Kentucky Derby post positions set, Renegade draws rail as favorite
Renegade drew the rail as the 4-1 Derby favorite, a prized shortcut shadowed by the worst recent post in the race. Commandment and Further Ado landed far kinder and far wider, respectively.

Renegade got the kind of draw that can make or break a Derby favorite, landing post No. 1 as the 4-1 morning-line choice for the 152nd Kentucky Derby. The rail gives the shortest route into the first turn at Churchill Downs, but it also puts Todd Pletcher’s colt in the most dangerous spot if the full field of 20 breaks in tight and the traffic closes fast.

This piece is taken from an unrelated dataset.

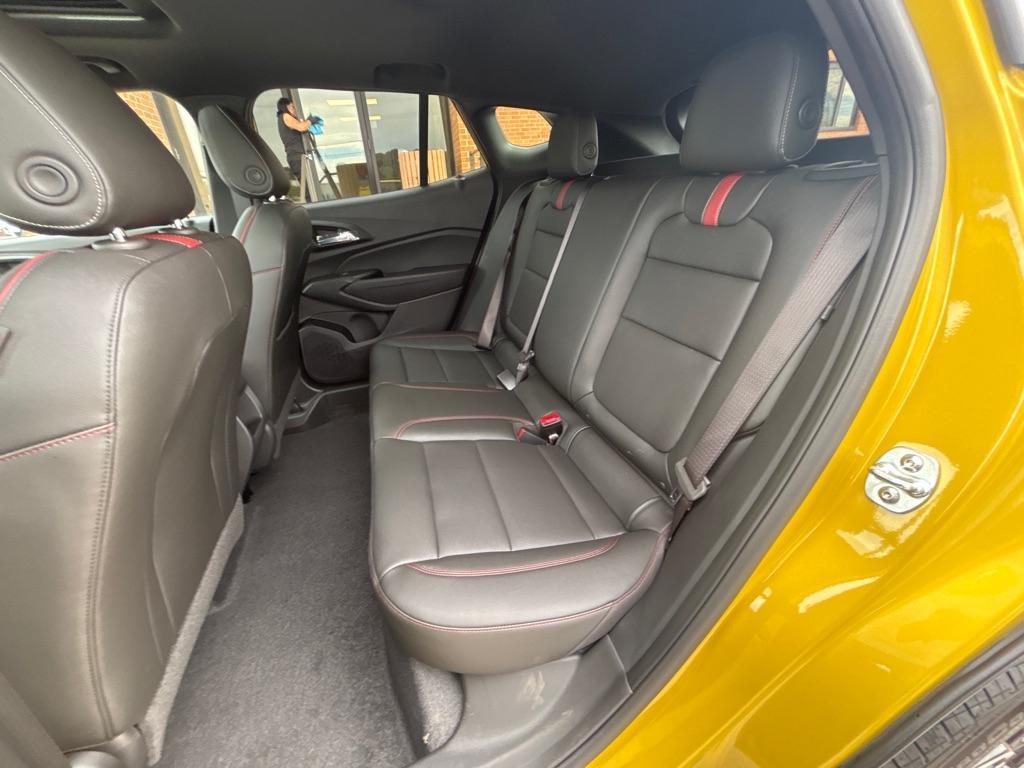 used 2025 Chevrolet Trax car, priced at $24,350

That is the central tension of this draw. No horse has won the Kentucky Derby from the rail since Ferdinand in 1986, and the track now uses a single 20-horse starting gate, so the inside post can turn from advantage to trap in a matter of seconds. Renegade’s trip will depend on how cleanly Irad Ortiz Jr. can get him away and whether the horse can avoid getting swallowed up before the field settles into the 1 1/4-mile grind.
Nick Tammaro, making his first Kentucky Derby morning line after the retirement of Mike Battaglia, said the race remained “wide open,” even with Renegade installed as the favorite. That is the right read from the draw: one horse got the most polarizing position, while the rest of the leading contenders landed in spots that invite very different kinds of trouble.

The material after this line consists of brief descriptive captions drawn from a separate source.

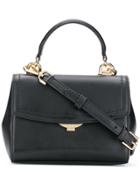 Michael Michael Kors Small Satchel - Black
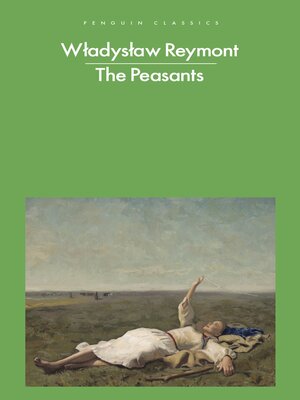 cover image of The Peasants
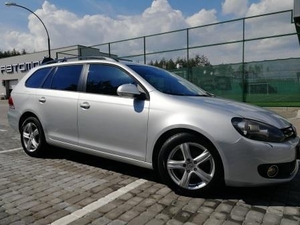 Продам Volkswagen Golf 2011 универсал в отличном состоянии! #1656371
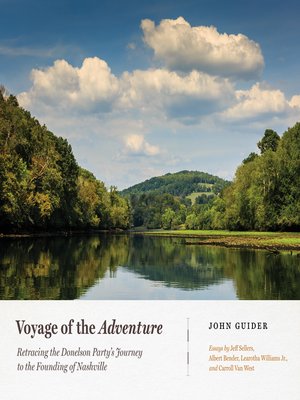 cover image of Voyage of the Adventure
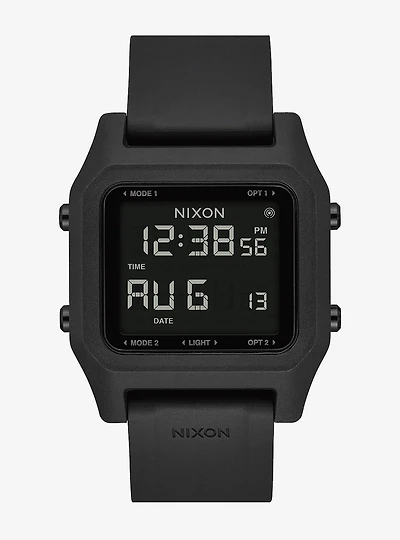 Nixon Staple Black Watch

Commandment drew post No. 6, which looks like the most workable compromise among the top names. It is close enough to save ground without being pinned to the fence, and it should let the horse establish position before the field compresses around the opening turn. In a Derby that begins with a full gate and up to four also-eligibles on the list, that kind of middle post can be worth more than raw speed.

Further Ado drew No. 18, a much tougher assignment and one that will almost certainly demand a cleaner break and a better ride to avoid covering extra ground. Wide posts at Churchill Downs can work, but only when a horse is sharp enough early to avoid losing momentum before the real running starts.

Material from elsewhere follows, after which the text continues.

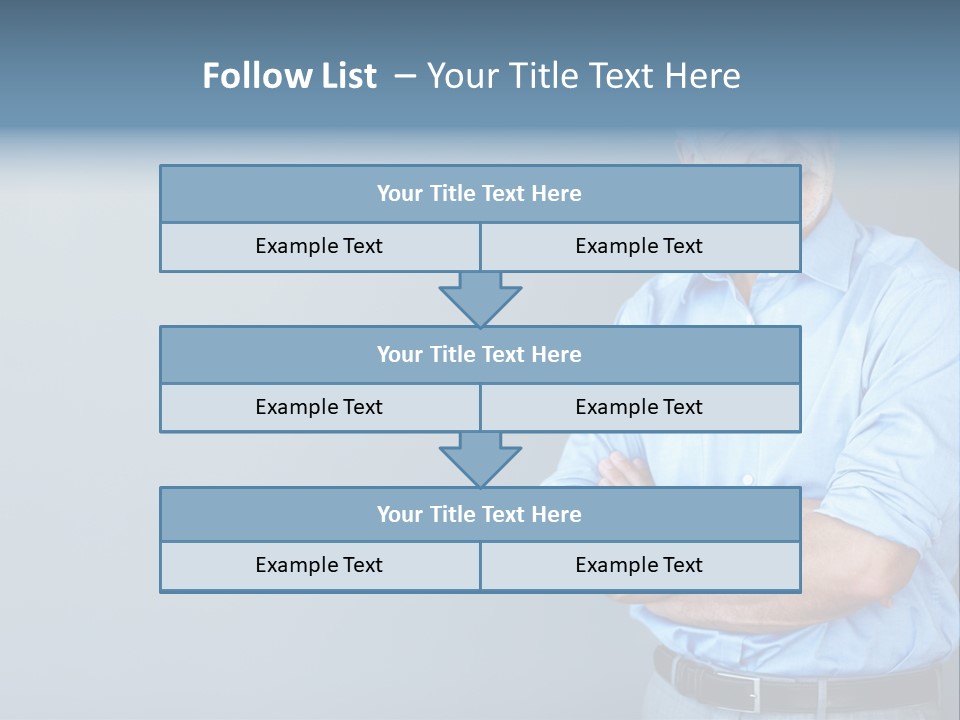 Architecture Educational City PowerPoint Template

Silent Tactic, who drew No. 13, landed in the middle of the board, where the trip is neither ideal nor disastrous. That slot may prove valuable if the pace gets crowded and the favorite’s inside position turns messy, because the middle of a 20-horse Derby often offers the best chance to stay out of trouble.
The draw came between Races 3 and 4 on Opening Day at Churchill Downs, from the Paddock Terrace, and it immediately gave Derby Week its first hard-edged storyline. The race will go Saturday, May 2, in Louisville, with post time set for approximately 6:57 p.m. ET, and the path to the first leg of the Triple Crown now looks just as important as the names on the program.